Pictures stay out of the output. Return exactly the lines below from the one with "Thumbnail 2 in" down to the one with "Buffet breakfast in The Nonantum Resort", both included, and nothing more.

RECORDS FOR THIS TASK |
BEGIN

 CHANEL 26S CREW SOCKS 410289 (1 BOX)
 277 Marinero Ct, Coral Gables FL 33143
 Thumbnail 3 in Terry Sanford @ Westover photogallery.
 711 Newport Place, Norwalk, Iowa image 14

END
BEGIN

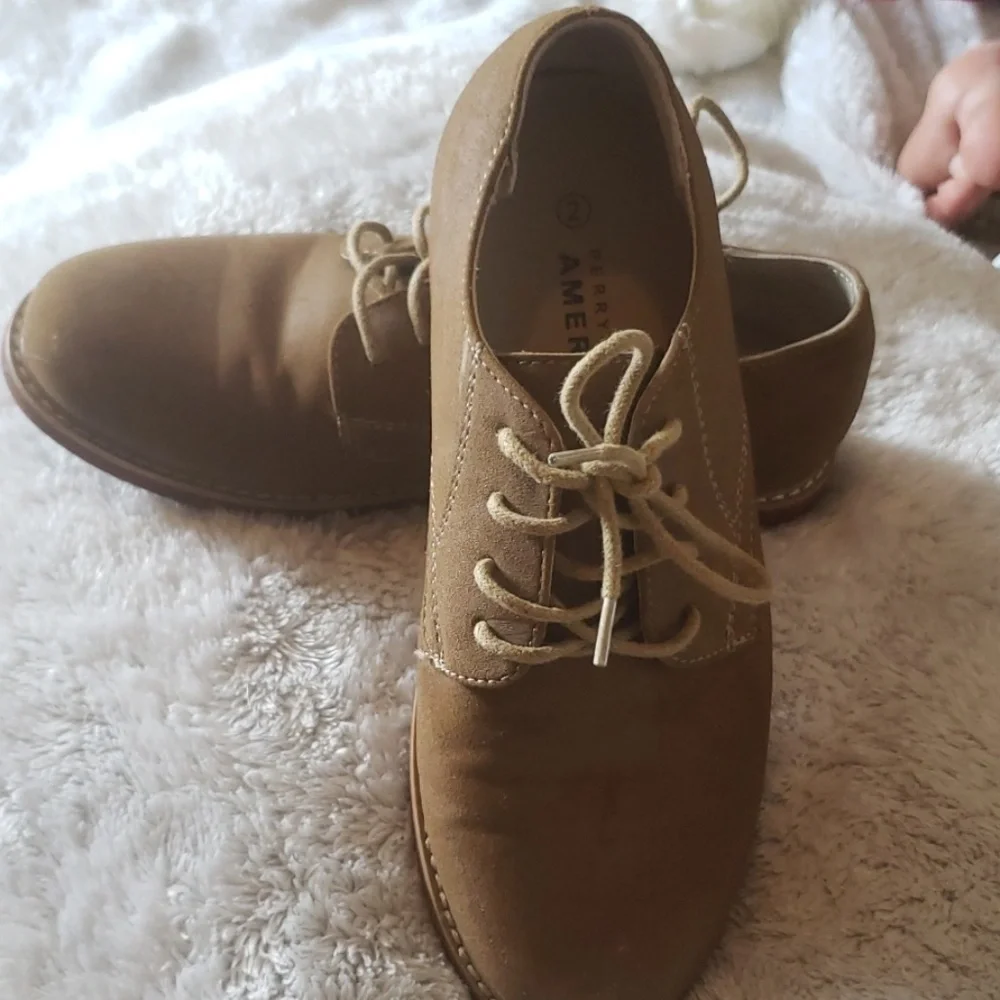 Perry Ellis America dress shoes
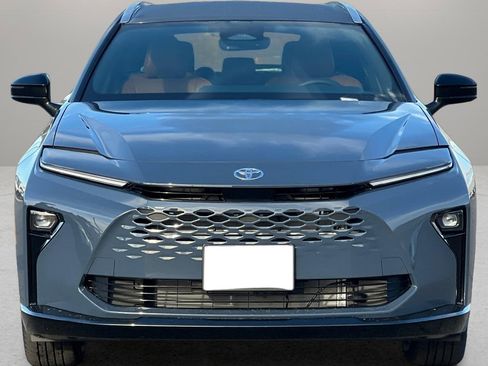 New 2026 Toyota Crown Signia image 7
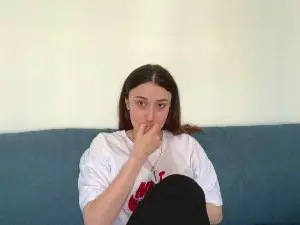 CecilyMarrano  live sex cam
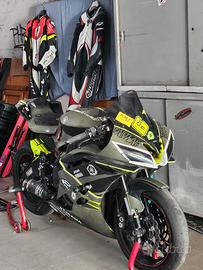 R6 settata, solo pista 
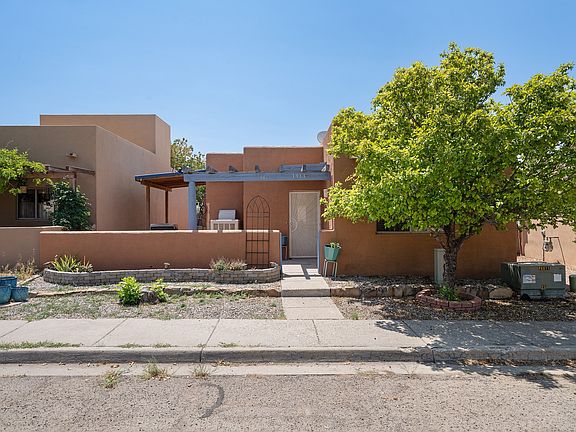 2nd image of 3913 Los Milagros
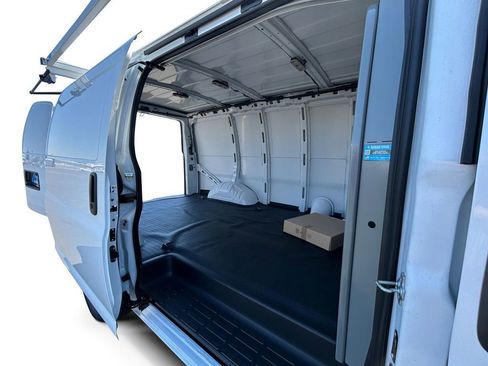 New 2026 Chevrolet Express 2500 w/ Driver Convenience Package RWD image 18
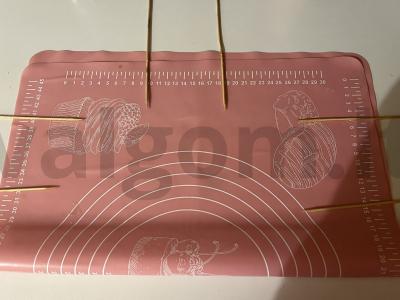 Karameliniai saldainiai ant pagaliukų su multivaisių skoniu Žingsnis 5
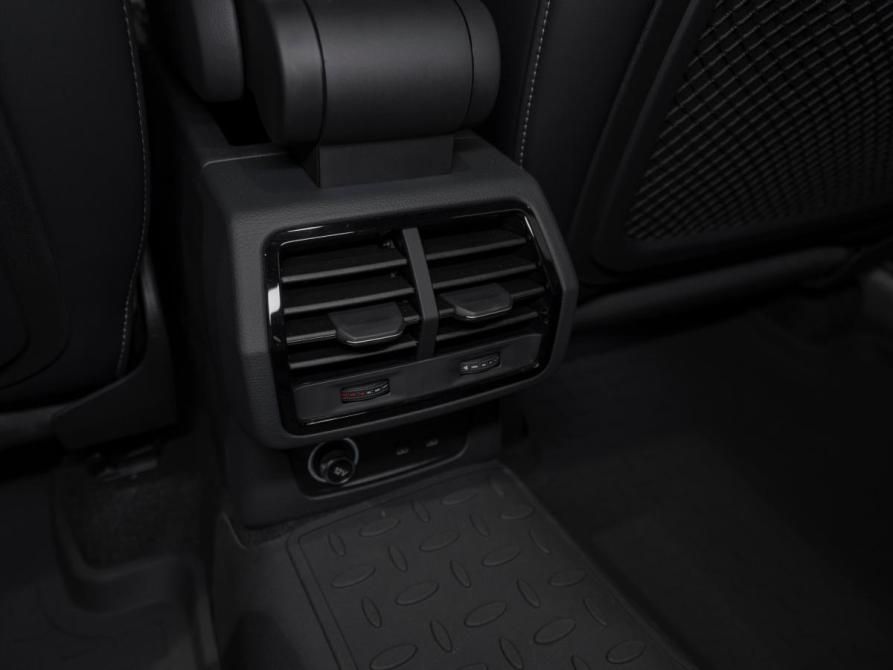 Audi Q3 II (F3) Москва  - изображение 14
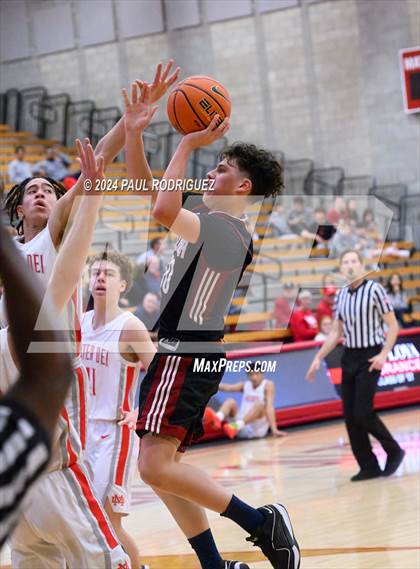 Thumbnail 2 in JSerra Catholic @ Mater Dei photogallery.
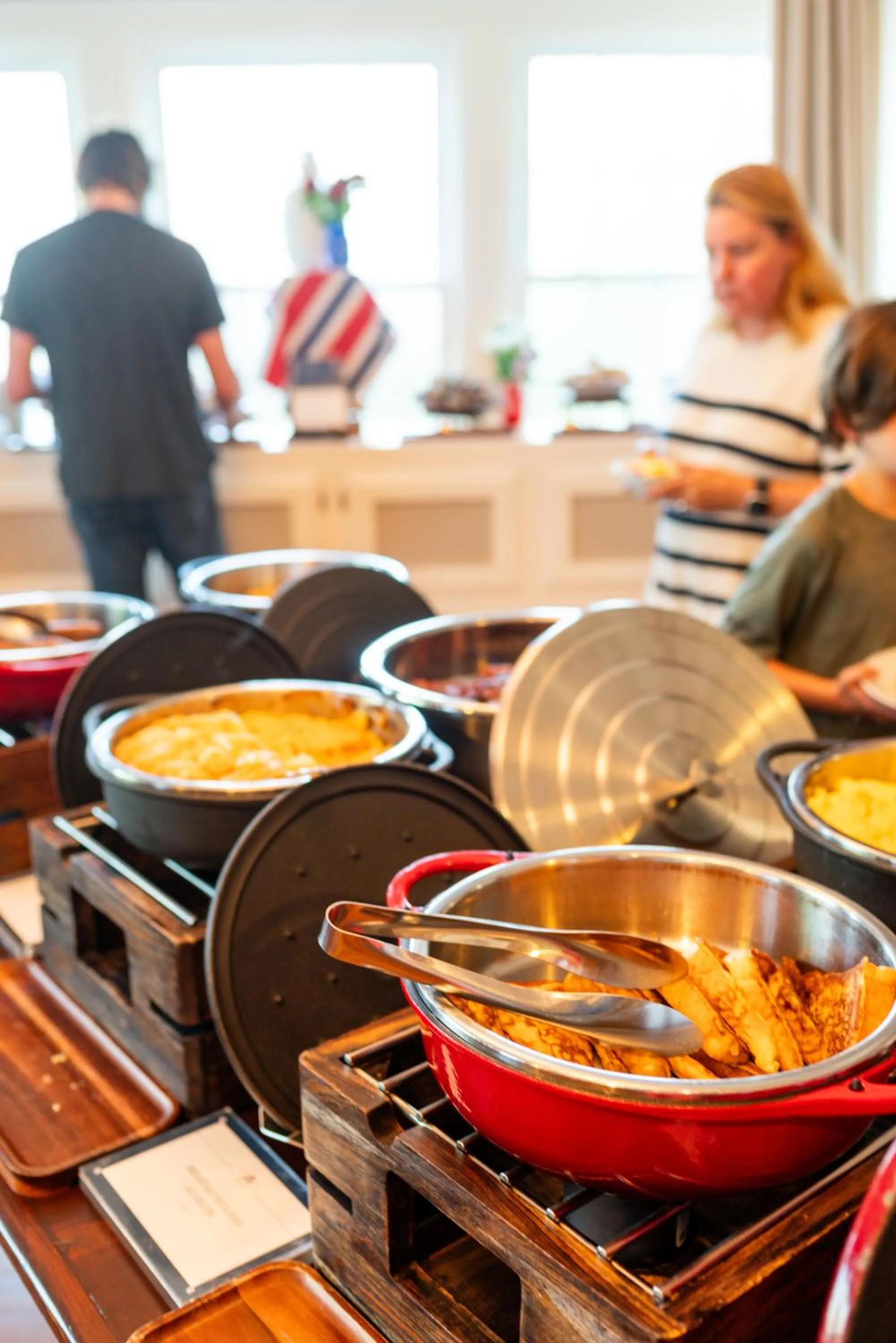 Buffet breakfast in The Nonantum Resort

END
BEGIN

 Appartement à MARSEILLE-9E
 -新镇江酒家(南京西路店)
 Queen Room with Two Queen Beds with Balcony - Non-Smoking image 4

END

ANSWER TO THIS TASK |
 Thumbnail 2 in JSerra Catholic @ Mater Dei photogallery.
 Buffet breakfast in The Nonantum Resort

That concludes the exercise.